Jama’ah ahli tafsir (Jama’atul Mufassirin), diantaranya Abdurrahman bin
Zaid bin Aslam dan Ibnu Jarir, menerapkan makna ayat diatas tentang
dzikir pada masalah membaca Al-Quran. Nabi saw menerima
perintah jahran membaca Al-Quran sebagai pemuliaan (ta’dziman) terhadap
Kitabullah tersebut., khususnya diwaktu sholat tertentu. Hal itu
diperkuat kaitannya dengan turunnya ayat: ‘Apabila Al-Qur’an sedang
dibaca maka hendaklah kalian mendengarkan- nya...’ (Al A’raf:204).
Dengan turunnya perintah ‘mendengarkan’ maka orang yang
mendengar Al-Quran yang sedang dibaca, jika ia (orang yang beriman)
tentu takut dalam perbuatan dosa. Selain itu ayat tersebut juga
menganjurkan diam (tidak bicara) tetapi kesadaran berdzikir dihati tidak
boleh berubah, dengan demikian orang tidak lengah meninggalkan dzikir
(menyebut) nama Allah. Karena ayat tersebut diakhiri dengan: ‘Dan
janganlah engkau termasuk orang-orang yang lalai’.
3.
Orang-orang Sufi mengatakan berdzikir sirran (lirih) itu hanya khusus
dapat dilakukan dengan sempurna oleh Rasulullah saw. karena manusia
yang disempurnakan oleh Allah swt. Manusia-manusia selain beliau saw.
sangat repot sekali melakukan dengan sempurna sering diikuti was-was,
penuh ber- bagai angan-angan perasaan, karena itulah mereka disuruh
berdzikir secara agak keras/jahran. Dzikir jahran semua was-was,
angan-angan dan perasaan lebih mudah dihilangkan, serta akan mengusir
setan-setan jahat.
Pendapat demikian ini diperkuat oleh
sebuah hadits yang diketengah- kan oleh Al- Bazzar dari Mu’adz bin Jabal
ra. bahwa Rasulallah saw. bersabda:
‘Barangsiapa diantara
kamu sholat diwaktu malam hendaklah bacaannya diucapkan dengan jahran
(agak keras).

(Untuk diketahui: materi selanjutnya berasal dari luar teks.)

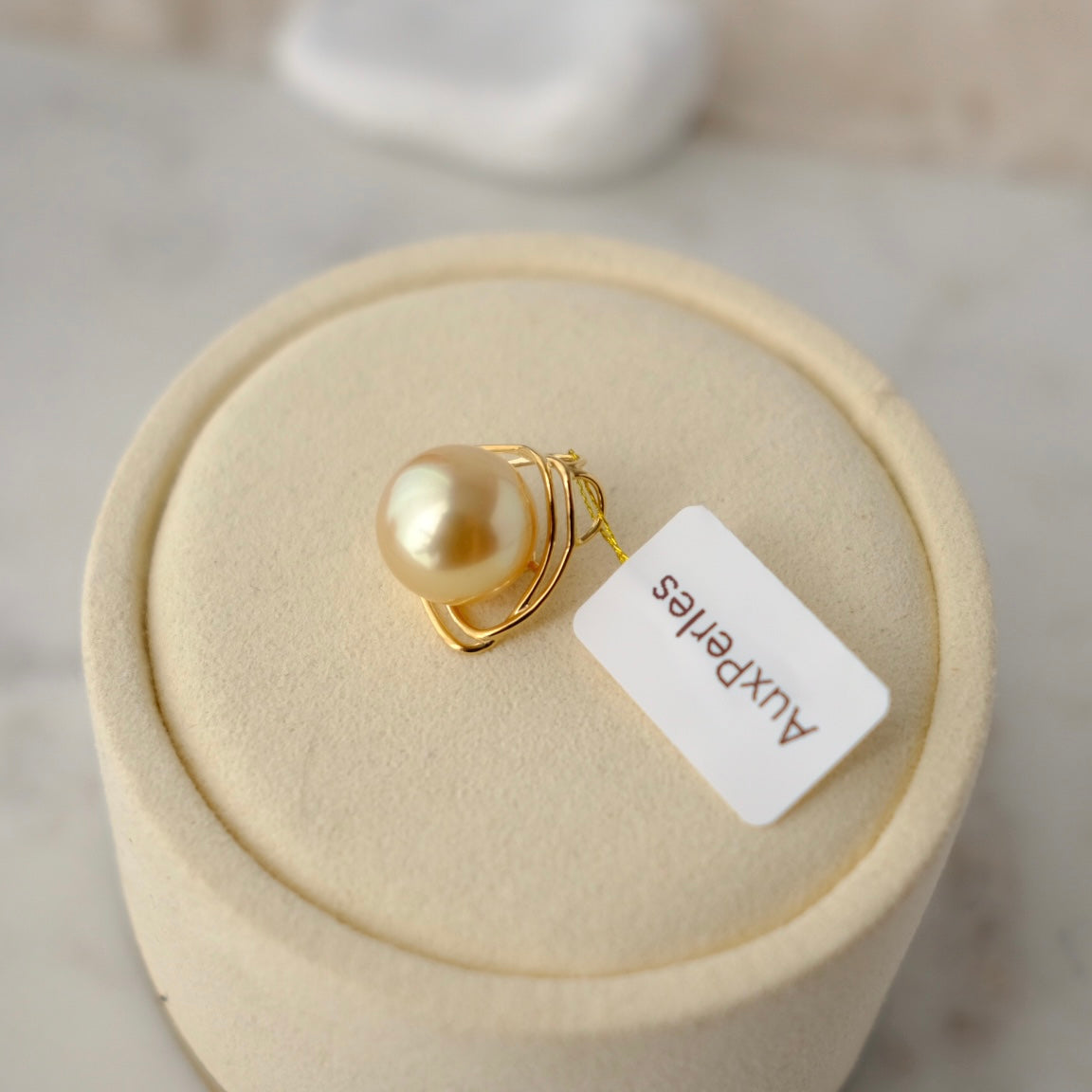 Golden South Sea Pearl, 18K Pendant, 13.2mm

Sebab para malaikat turut sholat seperti sholat yang
dilakukannya, dan mendengarkan bacaan-bacaan sholat- nya. Jin-jin
beriman yang berada di antariksa dan tetangga yg serumah dengannya,
merekapun sholat seperti yang dilakukannya dan mendengarkan
bacaan-bacaannya. Sholat dengan bacaan keras akan mengusir Jin-jin
durhaka dan setan-setan jahat’. Demikianlah pendapat Imam Suyuthi.
Pendapat
Ibnu Taimiyyah yang dijuluki Syaikhul Islam oleh sebagian ulama
mengenai majlis dzikir didalam kitab Majmu 'al fatawa edisi
King Khalid ibn 'Abd al-Aziz. Ibnu Taimiyyah telah ditanya mengenai
pendapat beliau mengenai perbuatan berkumpul beramai-ramai berdzikir,
membaca al-Qur’an berdo’a sambil menanggalkan serban dan menangis
sedangkan niat mereka bukanlah karena ria’ ataupun membanggakan diri
tetapi hanyalah karena hendak mendekatkan diri kepada Allah s.w.t.

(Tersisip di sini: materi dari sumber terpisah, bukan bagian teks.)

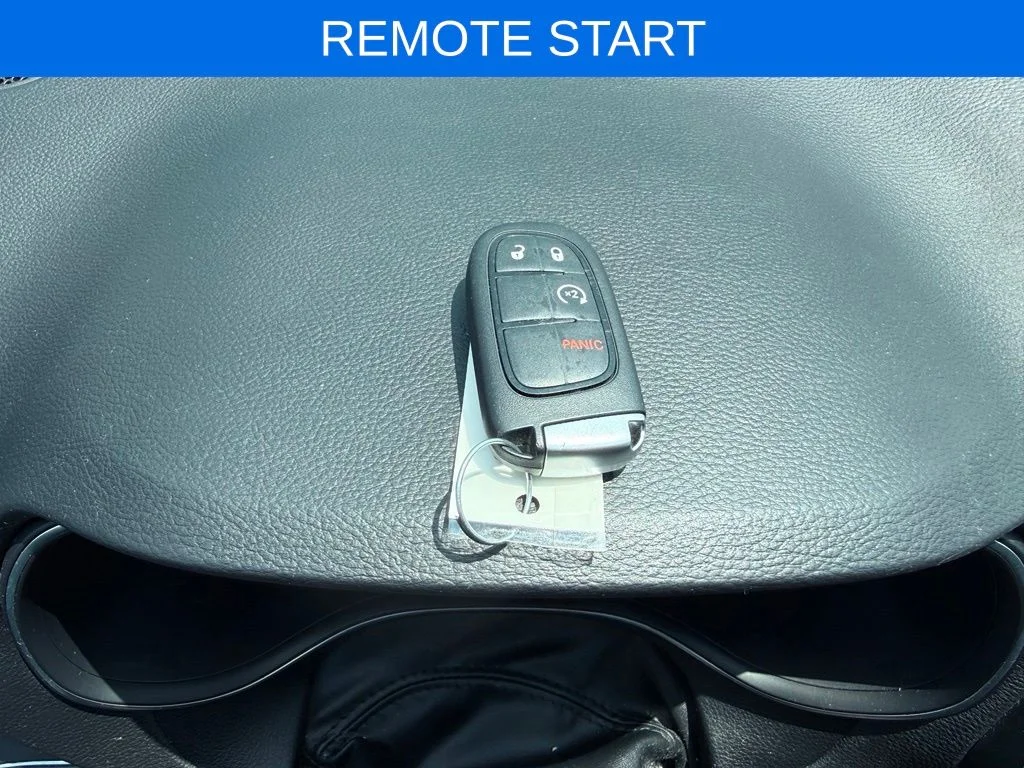 Used 2021 Green Jeep Latitude Lux image 5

Adakah perbuatan-perbuatan ini boleh diterima? Beliau menjawab: ‘Segala
puji hanya bagi Allah, perbuatan-perbuatan itu semuanya adalah baik dan
merupakan suruhan didalam Shari'a (mustahab) untuk berkumpul dan
membaca al-Quran dan berdzikir serta berdo’a....’ "
Jawaban
pertanyaan Ibnu Taimiyyah mengenai kelompok-kelompok dzikir
dimasjid-masjid yang dilakukan kaum Sufi Syadziliyyah. Ibnu Hajr mengatakan
bahwa pembentukan jamaah-jamaah seperti itu adalah sunnah, tidak ada
alasan untuk menyalah-nyalahkannya. Sebab berkumpul untuk berdzikir
telah diungkapkan pada hadits Qudsi Shohih: ‘Tiap hambaKu yang
menyebutKu di tengah sejumlah orang, ia pasti Kusebut (amal kebaikannya)
di tengah jamaah yang lebih baik’.
Dengan kumpulnya
orang bersama untuk berdzikir ini sudah tentu menunjukkan dzikir
tersebut dengan suara yang bisa didengar sesamanya (agak keras). Bila
tidak demikian, apa keistimewaan hadits tentang kumpulan (halaqat)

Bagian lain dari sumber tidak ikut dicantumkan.